* _TRY IT_
When you copy the material below, keep every line exact and drop the pictures.

* _PROVIDED MATERIAL_
◇ ◇ ◇ ◇ ◇ ◇ ◇
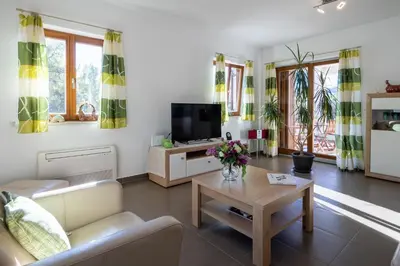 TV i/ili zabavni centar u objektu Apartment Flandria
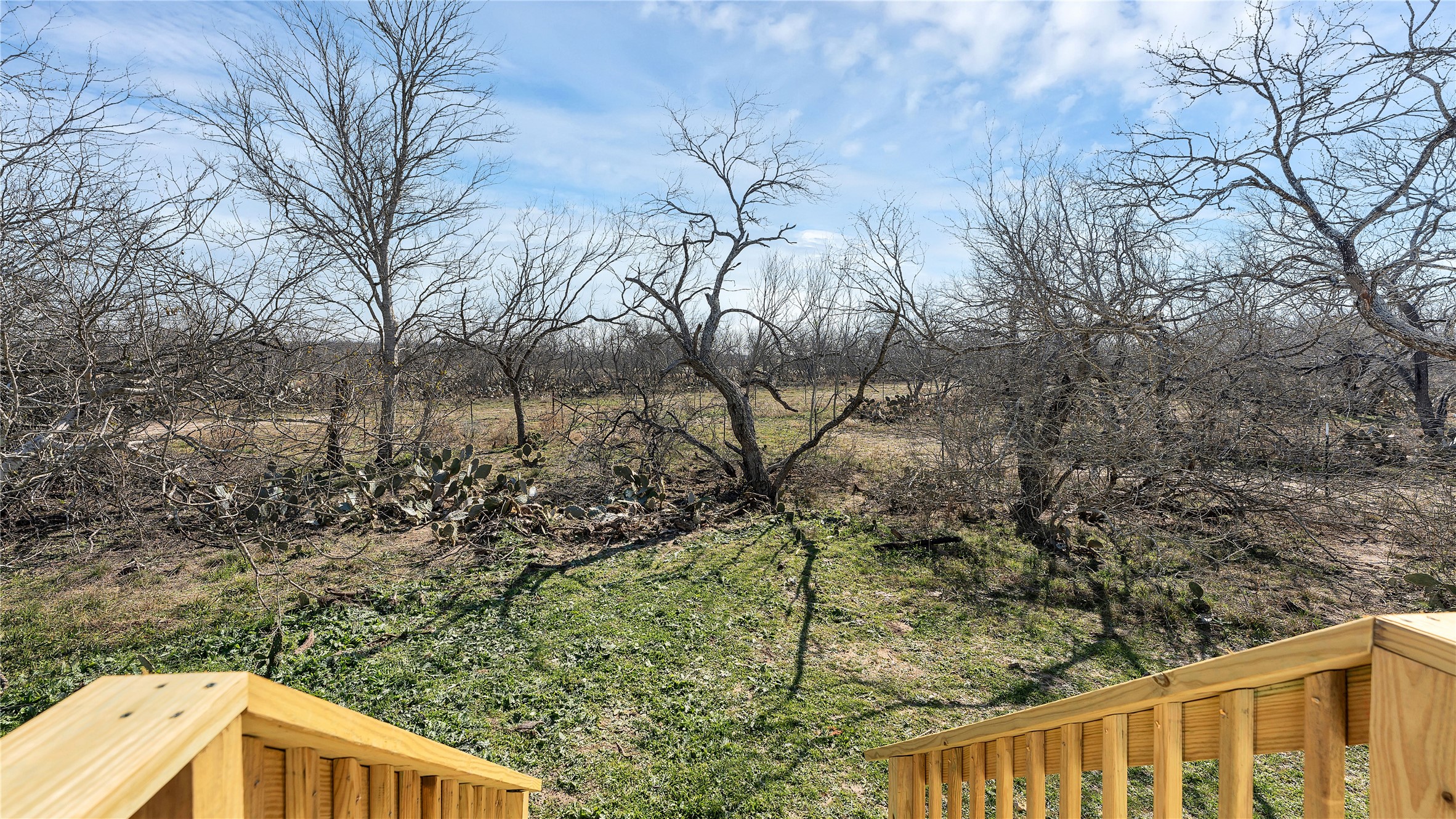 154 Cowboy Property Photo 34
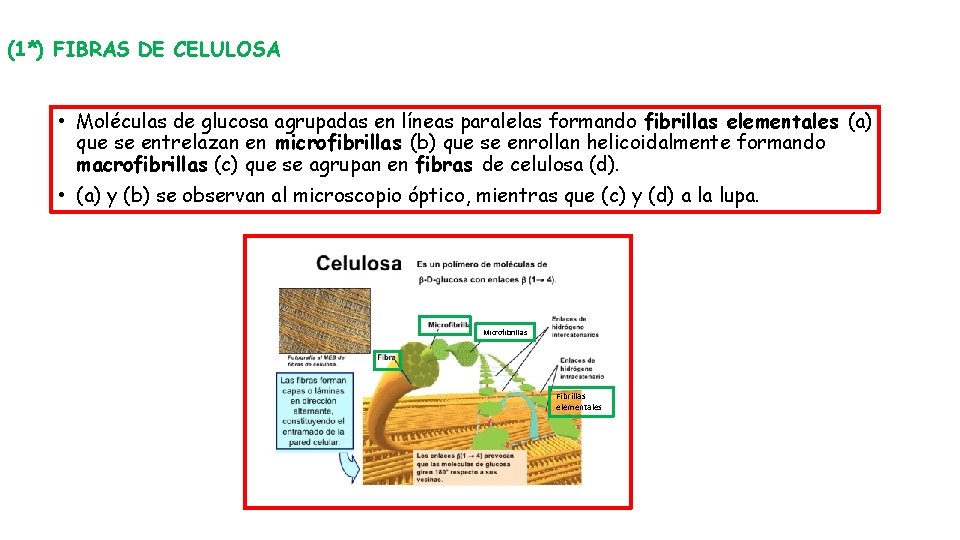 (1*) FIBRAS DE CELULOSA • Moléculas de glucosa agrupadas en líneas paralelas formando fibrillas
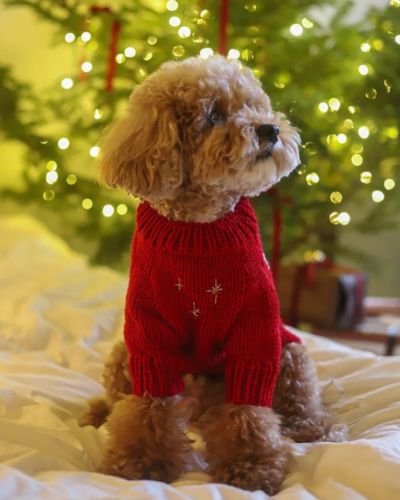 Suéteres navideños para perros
◇ ◇ ◇ ◇ ◇ ◇ ◇
* _RESPONSE TO THE EXERCISE_
 TV i/ili zabavni centar u objektu Apartment Flandria
 154 Cowboy Property Photo 34
 (1*) FIBRAS DE CELULOSA • Moléculas de glucosa agrupadas en líneas paralelas formando fibrillas
 Suéteres navideños para perros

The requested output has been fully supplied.